Buyers who can contract for large purchases also press hard for price concession, delayed payments or returned products. All of these can sink an undercapitalized company. In oil and gas industry, buyers are powerful because each buyer purchases in large volume, buyers face few switching costs in changing vendors (Porter, 2008). Moreover, some buyers are intermediate customers. They buy crude oil as oil traders then gain bargaining power as they can affect the purchasing decisions of downstream customers (Porter, 2008).
Power of suppliers
An E&P company relies heavily on a unique input for its products such as platform, wellhead, long lead items, drilling bits which can only be supplied by a minor of technical companies such as oilfield service companies. Any delay in delivery or out of stock shall be constraints for its business. Moreover, the competition between suppliers may cause pressure on the price which leads to the price race, limits quality or shift cots to industry participants.
The threat of substitutes
A substitute which performs the same or similar functions as crude oil can be the threat for an oil and gas company. Renewable energy sources such as solar energy, nuclear power… limit the industry’s profit potential by putting a ceiling on prices (Porter, 2008).
Threat of new entrants
The profitable energy market tends to attract new entrants. They can increase the productive capacity serving the market, fight to increase market share that put pressure on prices, costs, and the rate of investment necessary to complete and even bring new resources to the competition.
The threat of entry puts a cap on the profit potential of an oil and gas industry. However, the threat of entry depends on the height of entry barriers and reaction from incumbents (Porter, 2008).
Supply-side economies of scale: new entrants will cope with supply-side economies of scale issue when they intend to come into the industry as the incumbents could produce at larger volume and enjoy lower cost per unit. If new entrants want to enter the industry on a large scale, they should accept a cost disadvantage.
Customer switching costs: in E&P sectors, customers will face high switching costs when they change suppliers. These costs could arise as oil buyers must investigate quality specification; test the compatibility of crude oil with their refinery…
Capital requirements: Large financial resources needed to invest in upstream sector can deter new entrants.
Incumbency advantages independent of size: An E&P company has quality advantage due to preferential access to the best raw material sources and highly specialized workers (Porter, 2008). New entrants may find it hard to bypass these advantages.
As of the height of entry barriers, threat of new entrants in E&P sector is low.
From Porter’s five force model, the company could understand the competitive forces, the underlying causes and reveals the roots of oil and gas industry’s current profitability (Porter, 2008).

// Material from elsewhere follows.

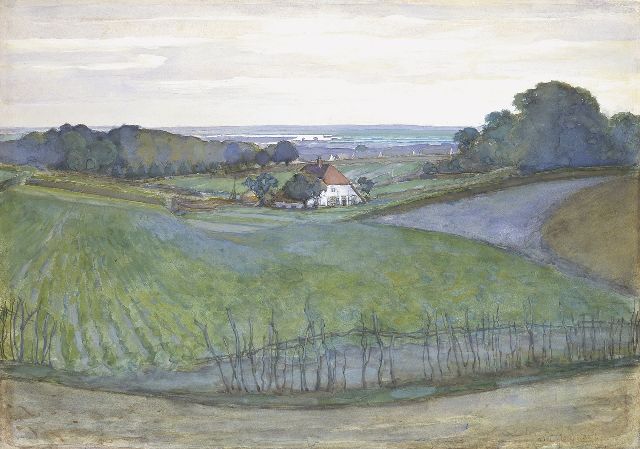 Piet Mondriaan | A farm in a landscape, with Arnhem in the distance, Aquarell und Gouache auf Papier, 46,0 x 65,0 cm, signed l.r. und zu datieren ca. 1901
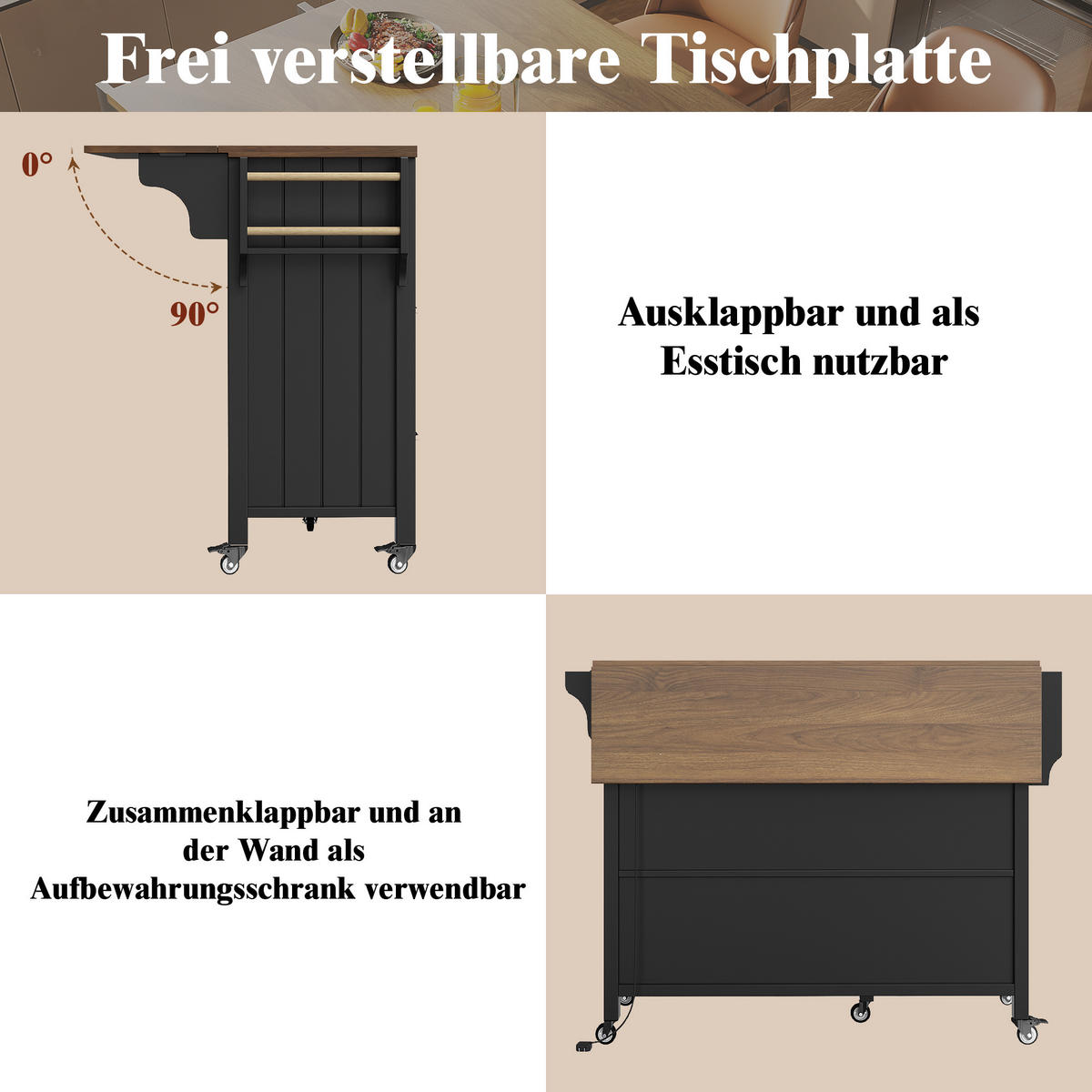 KÜCHENINSEL in Schwarz Küchentisch mit Holzmaserung, Glasvitrine, LED, Rollen,Handtuchhalter und Stauraum,B139/T65/H94cm - Schwarz, Glas/Holzwerkstoff (139/94.5/65cm) - STILVORA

In addition, the five force model provides a framework for competition analysis that can be used as a starting point for developing the company’s business strategy.
DIAGNOSING STRATEGIC CAPABILITY
Foundation of strategic capability
Strategic capability can be defined as the resources and competences of an organization needed for its survival and prosperous. Any E&P company has its own resources and competences. A firm’s capabilities are diagnosed as a base to know how and to what extent the firm can manage the development of strategic capabilities (Johnson, Whittington and Scholes, 2008).
Figure 2.3 - Strategic capabilities and competitive advantage
Capabilities for competitive advantage
(Source: Johnson, Whittington and Scholes, 2008).
Capron and Hulland (1999) defined resources as: “stocks of knowledge, physical assets, human capital, and other tangible and intangible factors that a business owns or controls, which enable a firm to produce, efficiently and/or effectively, market offerings that have value for some market segments.”
Resources can be distinguished into two groups:
Tangible resources are physical assets of an organization like plant, finance and people.
Intangible resources are non-physical assets such as information, knowledge and reputation.
Moreover, a firm’s resources can also be classified into four different categories:
Physical resources: buildings, machines, production capacity.
Financial resources: cash, capital, creditors, debtors…
Human resources: knowledge and skills of employees
Intellectual capital: brands, patents, customer databases and business systems.
Competences are defined as skills and abilities by which resources are used effectively through the organization’s processes and activities (Johnson, Whittington and Scholes, 2008).
Capabilities are defined by Chandler (1990) as “a firm’s collective physical facilities and skills of employees.” Madhok (1997) describes capabilities as “a combination of resources that creates higher order competencies.” While Hoskisson et al. (2004) believed that “capabilities are the capacity to perform a task or activity in a integrated manner.”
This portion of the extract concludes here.